EXERCISE DETAILS:
Search the listing below for "Vintage". Copy each matching line.

TASK MATERIAL:
▼▼▼

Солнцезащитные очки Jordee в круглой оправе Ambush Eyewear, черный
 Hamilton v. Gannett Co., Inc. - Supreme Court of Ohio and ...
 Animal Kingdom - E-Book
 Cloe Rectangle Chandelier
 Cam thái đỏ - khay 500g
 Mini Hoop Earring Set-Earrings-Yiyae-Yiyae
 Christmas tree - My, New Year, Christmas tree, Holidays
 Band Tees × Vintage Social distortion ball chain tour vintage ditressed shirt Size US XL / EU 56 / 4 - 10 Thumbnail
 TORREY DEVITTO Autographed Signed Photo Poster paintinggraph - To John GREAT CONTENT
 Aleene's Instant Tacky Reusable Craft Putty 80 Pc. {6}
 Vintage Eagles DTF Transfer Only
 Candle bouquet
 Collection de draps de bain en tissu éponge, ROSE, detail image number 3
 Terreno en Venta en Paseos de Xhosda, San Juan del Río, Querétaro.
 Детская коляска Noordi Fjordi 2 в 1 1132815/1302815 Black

▲▲▲

COMPLETED TASK:
 Band Tees × Vintage Social distortion ball chain tour vintage ditressed shirt Size US XL / EU 56 / 4 - 10 Thumbnail
 Vintage Eagles DTF Transfer Only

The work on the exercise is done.